Westinghouse, OPG team up

17 April 2014

Ontario Power Generation (OPG) and Westinghouse have agreed to explore opportunities to work together on a wide range of global nuclear projects.

Through its Canadian Nuclear Partners (CNP) subsidiary, OPG has signed a memorandum of understanding with Westinghouse. The two companies will investigate cooperating in the provision of refurbishment, maintenance and outages services, decommissioning and clean-up of existing nuclear facilities, as well as new nuclear power plants.

Westinghouse - majority owned by Japan's Toshiba - provides engineering and project management services, plant modifications, outage and maintenance services, instrumentation and control upgrades, nuclear fuel and its AP1000 reactor. OPG's principal business is the generation and supply of electricity in Ontario. It operates ten Candu reactors at two sites: Pickering and Darlington. Between them, the units provide about one-third of the province's electricity.
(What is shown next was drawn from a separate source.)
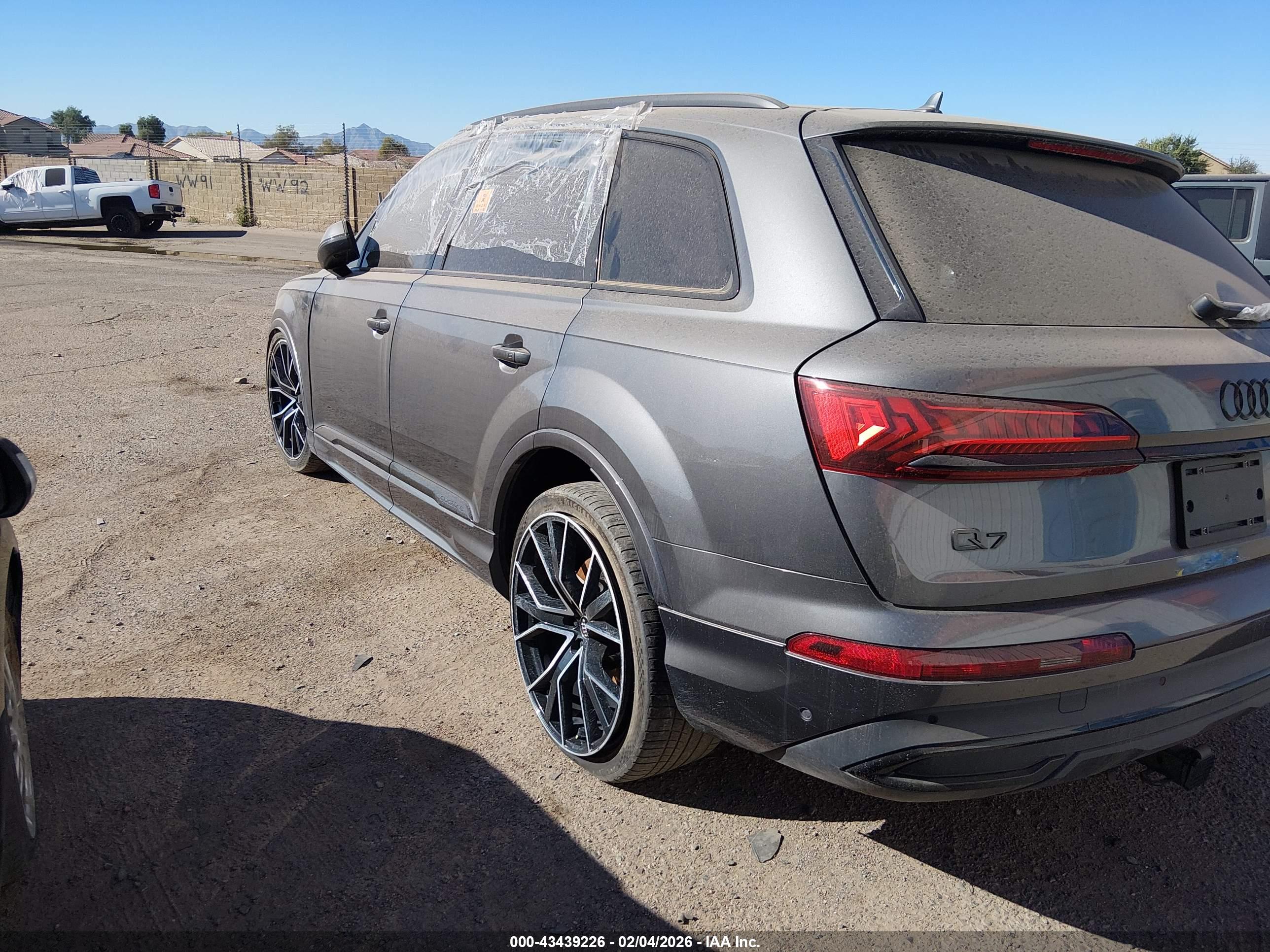 AUDI Q7 image 3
In order to exploit its experience from operating and modernizing the Pickering and Darlington units, OPG formed CNP in 2012 to explore new business lines and opportunities inside and outside Ontario. Its services include outage management, inspections, inspection tool development, refurbishment, decommissioning and radioactive waste management. CNP's first project was to provide support for the return to service of NB Power's Point Lepreau plant following its refurbishment.
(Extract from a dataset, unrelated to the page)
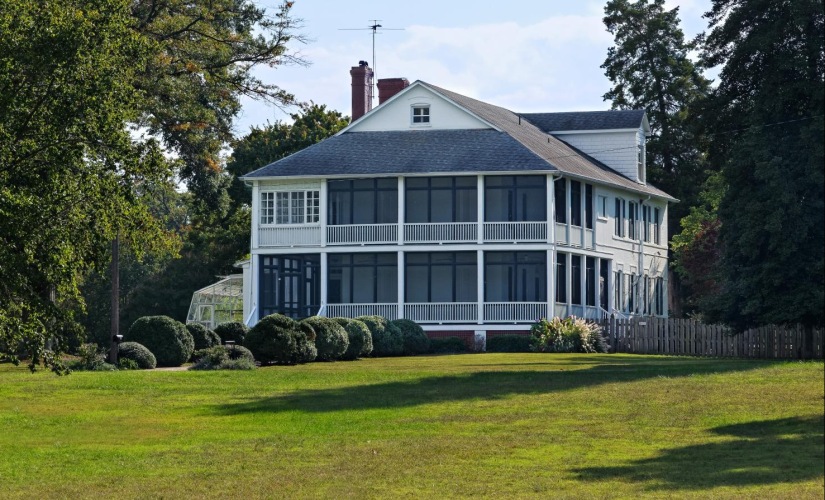 115 Strauss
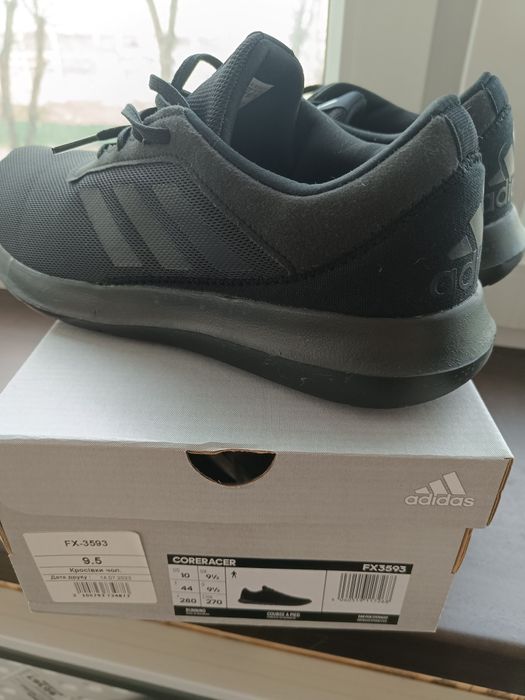 Взуття кросовкі Adidas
The new agreement follows recent collaboration between Westinghouse and OPG on several projects. Westinghouse is currently designing filtered containment vents at OPG's Darlington nuclear power plant as part of the site's refurbishment.

OPG president and CEO Tom Mitchell commented, "OPG is pleased to work with Westinghouse and looks forward to exploring possible synergies between our companies. We anticipate that OPG's expertise in plant maintenance, upgrades and refurbishments will be well augmented by the service offerings and global experience of Westinghouse."

Meanwhile, Westinghouse president and CEO Danny Roderick noted, "This relationship will further add to Westinghouse's advanced products and services that support our global customers' efforts to improve operating efficiencies and achieve cost-effective energy security and diversity while not damaging the environment with greenhouse-gas-emitting sources."